Dataset entries
* * * *

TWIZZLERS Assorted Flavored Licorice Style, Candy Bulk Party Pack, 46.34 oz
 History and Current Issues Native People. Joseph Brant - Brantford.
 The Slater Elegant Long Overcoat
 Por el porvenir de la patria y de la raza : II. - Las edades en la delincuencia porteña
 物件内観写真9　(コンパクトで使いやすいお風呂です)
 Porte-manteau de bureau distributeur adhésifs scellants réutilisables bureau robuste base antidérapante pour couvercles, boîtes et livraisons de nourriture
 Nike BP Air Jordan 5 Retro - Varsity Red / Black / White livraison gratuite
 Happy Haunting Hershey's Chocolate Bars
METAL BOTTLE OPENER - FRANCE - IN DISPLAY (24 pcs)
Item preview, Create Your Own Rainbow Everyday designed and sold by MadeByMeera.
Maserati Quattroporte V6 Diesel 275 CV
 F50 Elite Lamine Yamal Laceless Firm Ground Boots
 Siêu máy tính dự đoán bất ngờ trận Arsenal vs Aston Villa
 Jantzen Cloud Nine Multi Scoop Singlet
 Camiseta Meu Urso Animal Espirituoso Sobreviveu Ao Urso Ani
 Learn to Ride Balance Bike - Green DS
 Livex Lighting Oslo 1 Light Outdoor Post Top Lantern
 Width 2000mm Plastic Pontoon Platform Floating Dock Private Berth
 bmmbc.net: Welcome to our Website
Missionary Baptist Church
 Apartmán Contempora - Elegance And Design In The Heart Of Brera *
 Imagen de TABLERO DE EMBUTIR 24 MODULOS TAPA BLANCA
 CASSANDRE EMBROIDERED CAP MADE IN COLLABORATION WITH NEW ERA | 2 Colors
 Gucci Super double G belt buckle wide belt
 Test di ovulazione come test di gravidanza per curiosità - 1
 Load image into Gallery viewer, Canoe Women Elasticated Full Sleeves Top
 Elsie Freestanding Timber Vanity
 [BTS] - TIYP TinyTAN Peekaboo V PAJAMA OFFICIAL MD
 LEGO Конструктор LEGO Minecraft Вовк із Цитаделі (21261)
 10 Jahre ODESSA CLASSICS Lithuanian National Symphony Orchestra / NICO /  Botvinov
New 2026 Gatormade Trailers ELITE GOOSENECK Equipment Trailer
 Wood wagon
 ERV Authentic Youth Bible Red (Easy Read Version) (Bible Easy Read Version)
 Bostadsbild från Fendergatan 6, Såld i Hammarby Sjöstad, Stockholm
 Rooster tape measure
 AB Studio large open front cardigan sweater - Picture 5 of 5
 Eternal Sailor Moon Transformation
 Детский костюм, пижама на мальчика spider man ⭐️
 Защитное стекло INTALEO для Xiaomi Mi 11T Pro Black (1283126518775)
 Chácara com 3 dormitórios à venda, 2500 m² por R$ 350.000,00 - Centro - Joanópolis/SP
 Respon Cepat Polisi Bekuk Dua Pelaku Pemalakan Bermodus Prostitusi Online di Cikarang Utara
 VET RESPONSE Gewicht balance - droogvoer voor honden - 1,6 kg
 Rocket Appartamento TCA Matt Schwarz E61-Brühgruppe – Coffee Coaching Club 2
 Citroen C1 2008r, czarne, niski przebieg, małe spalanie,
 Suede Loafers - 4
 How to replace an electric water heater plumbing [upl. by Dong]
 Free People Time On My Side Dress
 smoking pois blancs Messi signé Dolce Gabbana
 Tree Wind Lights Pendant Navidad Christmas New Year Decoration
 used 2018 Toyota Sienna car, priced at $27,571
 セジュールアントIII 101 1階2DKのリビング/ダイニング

* * * *

- **TASK INSTRUCTIONS**
In the data above, how many lines contain the string "People"? Answer with the number only.

- **EXPECTED ANSWER**
2